Due to its condition and probably a sense of insecurity, Rocky needed constant company or it would keep barking. Thus, the couple took turns to take care of it with the same care they would give to a paralysed family member. Initially, when Rocky was unable to defecate normally, they gave him massages, and when its condition improved, they would still massage it and turn its body occasionally to reduce its pain and prevent it from developing bed sores or muscle stiffness. They also had to wash more than ten pieces of cloths daily and clean Rocky and their home multiple times a day.
In addition, Swee Ueng had specially made a frame to support Rocky’s body and taught it to stand and stretch its muscles. He also made a bed with good airflow to improve Rocky’s comfort. All these were done out of a sense of equal compassion for all beings.
Although Boon Ngoh felt stressed and tired sometimes having to keep Rocky’s company constantly, and could not leave home for Tzu Chi’s work or run errands, she never gave up on Rocky. She said tearfully, “I did everything willingly. Rocky is a family member and I must save it.”
Despite the veteran’s advice on euthanasia and their friends’ suggestion to just replace Rocky with a similar dog, the couple hung on and set their minds to cure Rocky to their best ability and take care of it until it breathed its last.
Swee Ueng remarked, “We have no rights over the dog’s life. All beings are equal. Isn’t euthanasia the same as killing? Being a vegetarian, I would not even eat a bite of meat, let alone taking a life.”

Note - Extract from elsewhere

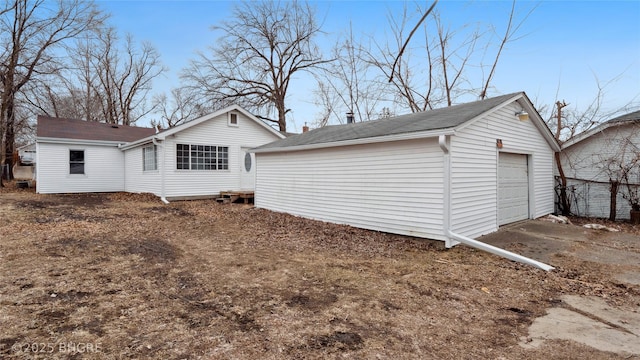 rear view of property with a garage and an outdoor structure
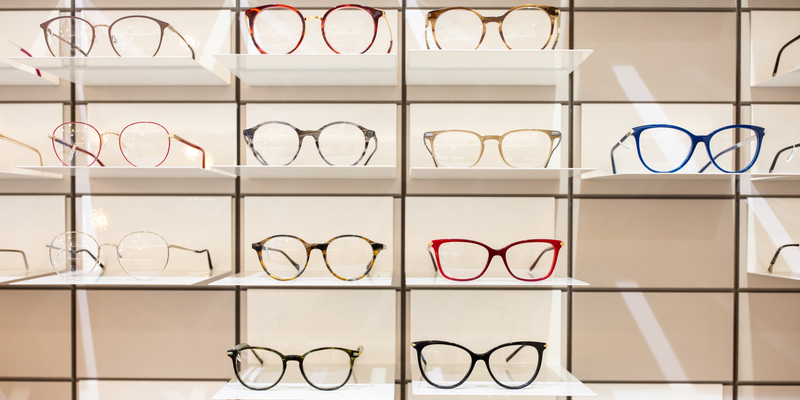 Rack with frames for glasses in optician shop. Variety of eyeglasses frames on store display.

All sentient beings have Buddha-nature
Even after Rocky fell ill, the couple did not stop bringing it to the living room to watch Master Cheng Yen’s Dharma talks on Da Ai TV together with them. They would also chant the Buddha’s name and share Master’s Dharma teachings with Rocky. Boon Ngoh would often tell Rocky to let go of worldly attachments and to return with a healthy body after its demise. “Make a good vow to be reborn in the Human Realm, only then will you have chances to perform good deeds,” said Boon Ngoh to Rocky.
They confessed, “Had we not been vegetarians and become disciples of Master Cheng Yen, we would not be able to go through this with the same mindset and apply Master’s teachings naturally when we are faced with this situation.”

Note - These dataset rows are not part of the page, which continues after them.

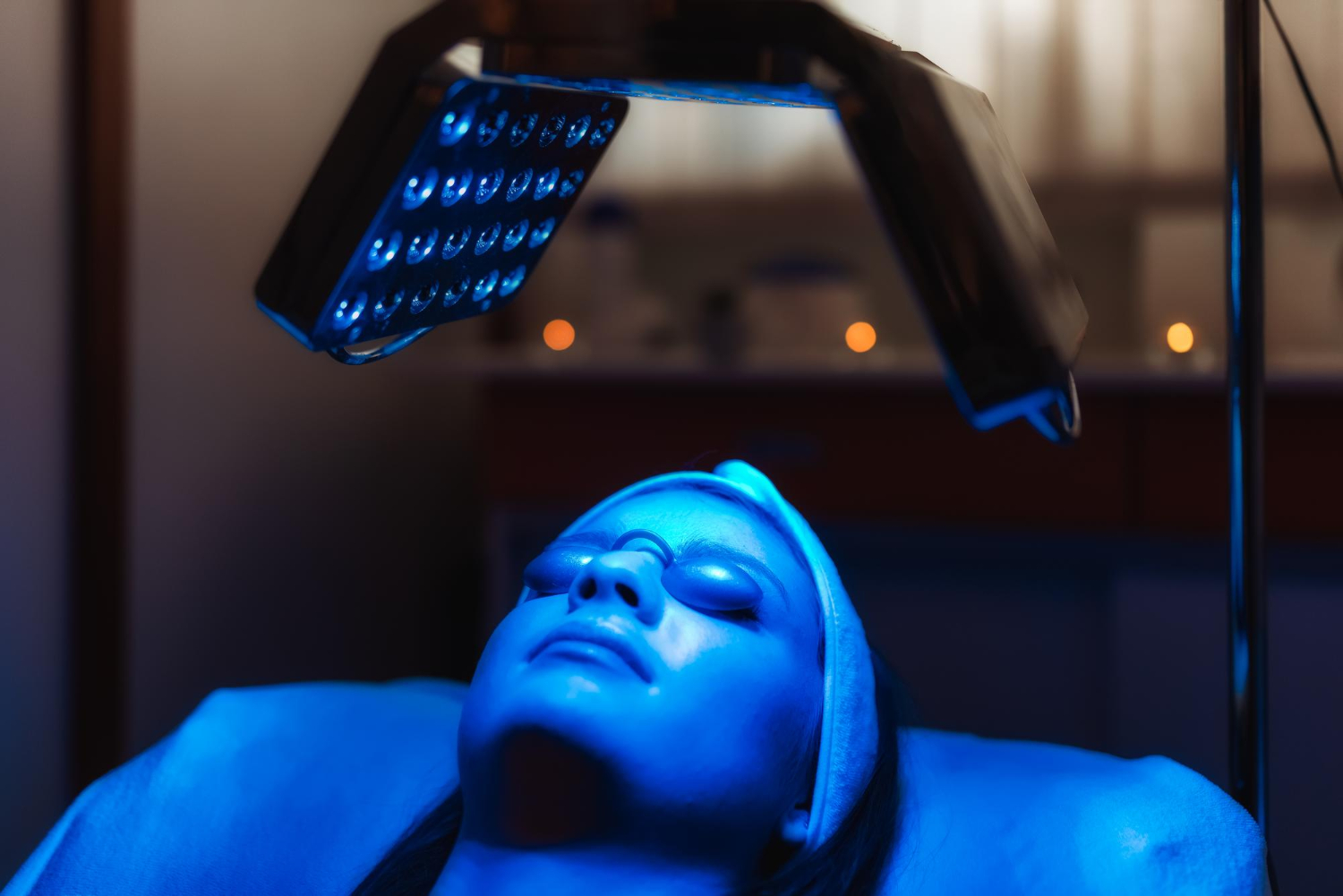 3525 Person lying down with eyes covered, receiving blue LED light therapy treatment on their face.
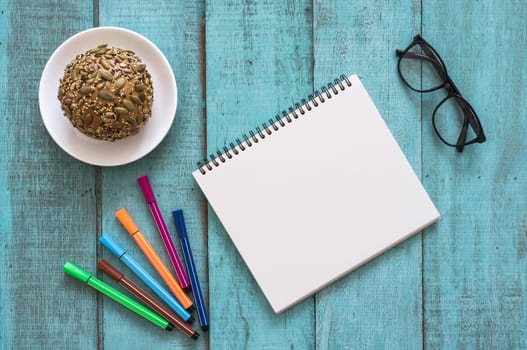 Blue wooden desk table with notebook, color pen, bread and cup of coffee. Top view with copy space, flat lay.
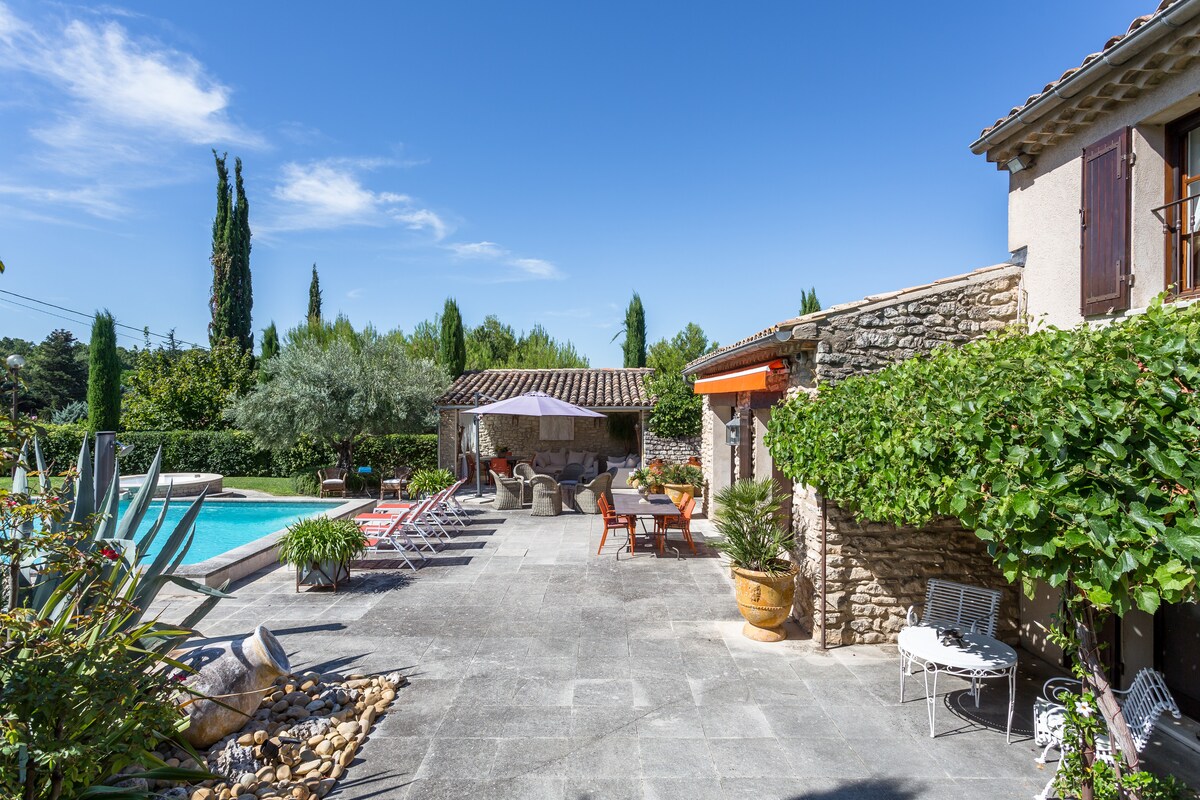 An outdoor area features a large swimming pool surrounded by sun loungers and a shaded seating space. Lush greenery and flowering plants enhance the tranquil ambiance. Terracotta pots and stone paths add to the rustic charm of the patio adjoining the house.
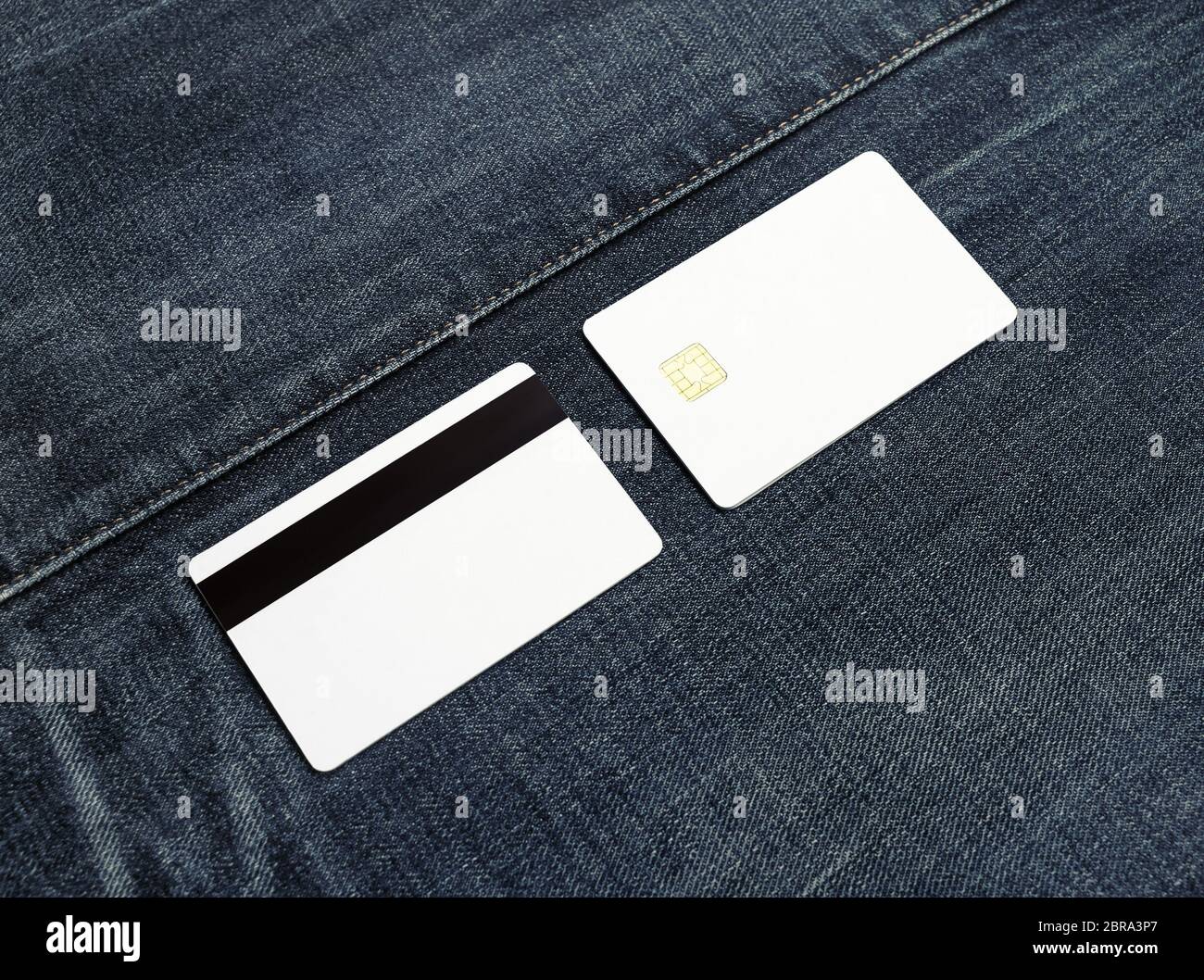 Two blank credit cards on denim background. Front and back view. Copy space for text. Stock Photo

Swee Ueng was impressed with his wife’s persistence in taking care of Rocky and sharing the Dharma with it. She also taught it to refrain from killing to consume meat, thus avoiding being reborn in the Animal Realm. A month before Rocky’s demise, they stopped feeding it with dog food and gave it its favourite apples and papayas. Thus, Rocky actually left this world as a vegetarian.
Boon Ngoh shared, “By relating the Dharma with our daily lives, I knew what to do when faced with Rocky’s condition. Seeing Rocky losing its mobility and that I had to excuse myself from Tzu Chi’s voluntary work to take care of it, I learnt to appreciate the opportunity to serve with Tzu Chi even more.”
Rocky’s life ended on December 18, 2018, and its carcass was buried in the yard amidst the chant of Buddha’s name. In recollection of the two years with Rocky around them, and the moment that Rocky shed tears before it breathed its last, the couple believed that all sentient beings have feelings and should treat each other with respect.
“Everyone is born with compassion, only that sometimes it is clouded by external circumstances. We may not be able to appreciate what it meant by equality of life and put it into practice have we not been vegetarians,” said Swee Ueng.